Retype all of the material exactly, leaving no line out.

----------

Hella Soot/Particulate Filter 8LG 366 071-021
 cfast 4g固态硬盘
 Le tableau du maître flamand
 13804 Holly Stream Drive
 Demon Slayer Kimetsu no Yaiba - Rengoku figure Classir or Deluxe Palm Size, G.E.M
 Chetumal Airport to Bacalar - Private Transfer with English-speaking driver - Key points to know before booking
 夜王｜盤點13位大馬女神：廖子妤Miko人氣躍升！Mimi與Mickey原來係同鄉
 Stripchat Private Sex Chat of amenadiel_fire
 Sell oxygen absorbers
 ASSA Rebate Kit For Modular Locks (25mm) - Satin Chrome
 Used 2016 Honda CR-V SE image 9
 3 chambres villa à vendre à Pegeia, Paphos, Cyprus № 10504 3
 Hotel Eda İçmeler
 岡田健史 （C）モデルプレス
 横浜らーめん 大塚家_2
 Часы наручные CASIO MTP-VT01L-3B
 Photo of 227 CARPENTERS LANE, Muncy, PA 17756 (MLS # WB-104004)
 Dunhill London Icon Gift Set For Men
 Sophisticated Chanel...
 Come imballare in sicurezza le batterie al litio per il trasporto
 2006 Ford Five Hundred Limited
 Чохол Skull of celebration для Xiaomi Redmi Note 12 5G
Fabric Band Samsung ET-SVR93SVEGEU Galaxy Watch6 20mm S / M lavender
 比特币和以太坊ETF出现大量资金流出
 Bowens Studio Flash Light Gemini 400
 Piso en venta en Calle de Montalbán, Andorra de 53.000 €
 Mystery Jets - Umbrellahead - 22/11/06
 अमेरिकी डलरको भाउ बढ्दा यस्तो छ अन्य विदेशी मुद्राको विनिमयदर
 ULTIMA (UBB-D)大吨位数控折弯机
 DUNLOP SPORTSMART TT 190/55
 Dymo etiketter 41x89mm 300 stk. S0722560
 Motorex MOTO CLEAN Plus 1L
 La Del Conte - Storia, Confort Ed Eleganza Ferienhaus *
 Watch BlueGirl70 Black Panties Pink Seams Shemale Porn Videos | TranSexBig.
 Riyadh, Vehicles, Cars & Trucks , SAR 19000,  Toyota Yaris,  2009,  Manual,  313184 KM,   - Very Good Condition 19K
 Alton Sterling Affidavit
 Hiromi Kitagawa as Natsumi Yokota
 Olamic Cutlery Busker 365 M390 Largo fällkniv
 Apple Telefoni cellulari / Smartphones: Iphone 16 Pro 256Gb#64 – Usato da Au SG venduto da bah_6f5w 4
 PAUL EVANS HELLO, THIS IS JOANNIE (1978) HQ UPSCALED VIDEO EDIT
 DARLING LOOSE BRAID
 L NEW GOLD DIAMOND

----------

▶ [Answer to this exercise]
Hella Soot/Particulate Filter 8LG 366 071-021
 cfast 4g固态硬盘
 Le tableau du maître flamand
 13804 Holly Stream Drive
 Demon Slayer Kimetsu no Yaiba - Rengoku figure Classir or Deluxe Palm Size, G.E.M
 Chetumal Airport to Bacalar - Private Transfer with English-speaking driver - Key points to know before booking
 夜王｜盤點13位大馬女神：廖子妤Miko人氣躍升！Mimi與Mickey原來係同鄉
 Stripchat Private Sex Chat of amenadiel_fire
 Sell oxygen absorbers
 ASSA Rebate Kit For Modular Locks (25mm) - Satin Chrome
 Used 2016 Honda CR-V SE image 9
 3 chambres villa à vendre à Pegeia, Paphos, Cyprus № 10504 3
 Hotel Eda İçmeler
 岡田健史 （C）モデルプレス
 横浜らーめん 大塚家_2
 Часы наручные CASIO MTP-VT01L-3B
 Photo of 227 CARPENTERS LANE, Muncy, PA 17756 (MLS # WB-104004)
 Dunhill London Icon Gift Set For Men
 Sophisticated Chanel...
 Come imballare in sicurezza le batterie al litio per il trasporto
 2006 Ford Five Hundred Limited
 Чохол Skull of celebration для Xiaomi Redmi Note 12 5G
Fabric Band Samsung ET-SVR93SVEGEU Galaxy Watch6 20mm S / M lavender
 比特币和以太坊ETF出现大量资金流出
 Bowens Studio Flash Light Gemini 400
 Piso en venta en Calle de Montalbán, Andorra de 53.000 €
 Mystery Jets - Umbrellahead - 22/11/06
 अमेरिकी डलरको भाउ बढ्दा यस्तो छ अन्य विदेशी मुद्राको विनिमयदर
 ULTIMA (UBB-D)大吨位数控折弯机
 DUNLOP SPORTSMART TT 190/55
 Dymo etiketter 41x89mm 300 stk. S0722560
 Motorex MOTO CLEAN Plus 1L
 La Del Conte - Storia, Confort Ed Eleganza Ferienhaus *
 Watch BlueGirl70 Black Panties Pink Seams Shemale Porn Videos | TranSexBig.
 Riyadh, Vehicles, Cars & Trucks , SAR 19000,  Toyota Yaris,  2009,  Manual,  313184 KM,   - Very Good Condition 19K
 Alton Sterling Affidavit
 Hiromi Kitagawa as Natsumi Yokota
 Olamic Cutlery Busker 365 M390 Largo fällkniv
 Apple Telefoni cellulari / Smartphones: Iphone 16 Pro 256Gb#64 – Usato da Au SG venduto da bah_6f5w 4
 PAUL EVANS HELLO, THIS IS JOANNIE (1978) HQ UPSCALED VIDEO EDIT
 DARLING LOOSE BRAID
 L NEW GOLD DIAMOND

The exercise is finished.